There is a poignant moment early on in the book when Depa tells Mace that in order to do what needs to be done to win the war, and war in general, she can no longer be a Jedi.
This scene mirrors a commonly touched upon theme from The Clone Wars series, specifically when it comes to Anakin Skywalker. That type of mentality, ultimately drew Skywalker to Emperor Palpatine and also was a point of friction between him and Padme throughout their later years together. Palpatine’s manipulation of the Jedi and their code by forcing them into war was the main driver in their downfall.

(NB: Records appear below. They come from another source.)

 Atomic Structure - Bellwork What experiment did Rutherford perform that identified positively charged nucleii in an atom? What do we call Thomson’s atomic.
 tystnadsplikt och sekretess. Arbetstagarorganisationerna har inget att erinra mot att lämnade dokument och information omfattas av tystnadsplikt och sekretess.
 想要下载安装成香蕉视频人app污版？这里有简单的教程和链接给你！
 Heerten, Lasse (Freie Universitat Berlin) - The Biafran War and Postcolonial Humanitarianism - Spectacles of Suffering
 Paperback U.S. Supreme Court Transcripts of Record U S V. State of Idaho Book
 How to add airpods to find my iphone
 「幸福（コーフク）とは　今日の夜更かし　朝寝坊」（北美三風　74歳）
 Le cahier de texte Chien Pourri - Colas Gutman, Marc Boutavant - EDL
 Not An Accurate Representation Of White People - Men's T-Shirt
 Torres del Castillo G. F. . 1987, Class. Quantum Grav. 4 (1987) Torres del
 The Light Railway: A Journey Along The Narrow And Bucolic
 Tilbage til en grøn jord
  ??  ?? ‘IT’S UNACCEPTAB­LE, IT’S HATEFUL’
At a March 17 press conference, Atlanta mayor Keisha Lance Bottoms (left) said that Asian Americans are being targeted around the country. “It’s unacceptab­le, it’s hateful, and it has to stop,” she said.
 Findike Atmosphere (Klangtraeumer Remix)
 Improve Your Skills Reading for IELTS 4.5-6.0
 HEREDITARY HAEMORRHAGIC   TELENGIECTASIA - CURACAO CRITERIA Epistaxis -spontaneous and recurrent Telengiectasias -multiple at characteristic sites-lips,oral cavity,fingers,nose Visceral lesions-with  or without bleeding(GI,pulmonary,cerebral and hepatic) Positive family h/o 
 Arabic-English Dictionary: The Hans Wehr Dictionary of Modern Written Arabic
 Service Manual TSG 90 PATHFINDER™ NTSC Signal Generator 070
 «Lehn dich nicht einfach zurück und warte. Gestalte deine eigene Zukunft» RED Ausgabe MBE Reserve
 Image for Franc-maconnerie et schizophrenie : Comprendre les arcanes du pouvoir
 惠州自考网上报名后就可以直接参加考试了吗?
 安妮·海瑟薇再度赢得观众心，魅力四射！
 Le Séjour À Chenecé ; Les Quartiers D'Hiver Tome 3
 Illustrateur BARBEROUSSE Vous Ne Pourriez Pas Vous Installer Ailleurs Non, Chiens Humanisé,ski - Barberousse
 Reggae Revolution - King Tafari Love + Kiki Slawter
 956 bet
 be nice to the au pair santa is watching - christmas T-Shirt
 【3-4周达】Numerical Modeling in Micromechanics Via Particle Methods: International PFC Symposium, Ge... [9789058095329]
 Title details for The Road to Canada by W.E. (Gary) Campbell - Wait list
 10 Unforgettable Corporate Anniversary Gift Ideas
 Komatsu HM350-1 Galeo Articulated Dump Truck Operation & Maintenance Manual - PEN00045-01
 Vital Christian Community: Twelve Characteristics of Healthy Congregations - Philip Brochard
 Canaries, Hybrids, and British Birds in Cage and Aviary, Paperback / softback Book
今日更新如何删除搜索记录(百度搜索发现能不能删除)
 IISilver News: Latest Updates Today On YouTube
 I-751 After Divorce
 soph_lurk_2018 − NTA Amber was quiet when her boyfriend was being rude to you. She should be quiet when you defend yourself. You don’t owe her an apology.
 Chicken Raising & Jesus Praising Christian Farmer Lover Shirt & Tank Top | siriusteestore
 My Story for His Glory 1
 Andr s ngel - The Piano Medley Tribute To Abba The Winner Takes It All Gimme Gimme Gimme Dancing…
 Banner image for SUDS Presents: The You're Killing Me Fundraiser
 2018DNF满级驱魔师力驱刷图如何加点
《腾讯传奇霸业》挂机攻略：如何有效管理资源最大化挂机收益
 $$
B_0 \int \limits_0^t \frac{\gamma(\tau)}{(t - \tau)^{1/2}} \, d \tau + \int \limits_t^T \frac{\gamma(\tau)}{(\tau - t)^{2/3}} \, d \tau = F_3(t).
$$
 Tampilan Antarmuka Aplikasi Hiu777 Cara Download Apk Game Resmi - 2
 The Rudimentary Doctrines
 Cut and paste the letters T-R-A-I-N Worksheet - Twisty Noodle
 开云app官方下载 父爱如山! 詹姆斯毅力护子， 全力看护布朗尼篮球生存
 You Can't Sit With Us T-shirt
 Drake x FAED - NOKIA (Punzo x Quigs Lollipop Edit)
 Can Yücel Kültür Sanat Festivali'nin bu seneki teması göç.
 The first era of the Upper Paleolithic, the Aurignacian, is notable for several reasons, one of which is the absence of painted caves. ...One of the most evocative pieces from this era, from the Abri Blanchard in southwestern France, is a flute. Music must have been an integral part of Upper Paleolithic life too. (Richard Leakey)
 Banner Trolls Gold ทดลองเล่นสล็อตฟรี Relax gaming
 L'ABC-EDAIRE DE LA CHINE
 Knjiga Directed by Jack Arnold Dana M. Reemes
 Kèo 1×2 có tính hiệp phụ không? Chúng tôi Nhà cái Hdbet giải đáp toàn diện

Incidents like the one seen in Shatterpoint are perfect examples that the Jedi, as Mace Windu said in the novel, ” … are keepers of the peace, not soldiers.”
For every Obi-Wan Kenobi, there are a litany of stories of a general gone bad (we’re looking at you Krell) during an intense military mission. That Windu edict is easier said than done as the Jedi came to understand a little to late to save themselves.
Without further eating into the storyline, Shatterpoint provides a unique perspective for what was to come during the Clone Wars layering foreshadowing with a sense of dread around the future of the Jedi.
Vacillating between a third-person narrative and excerpts from Mace Windu’s personal journal, Matthew Stover’s novel is a must read for all Star Wars fans.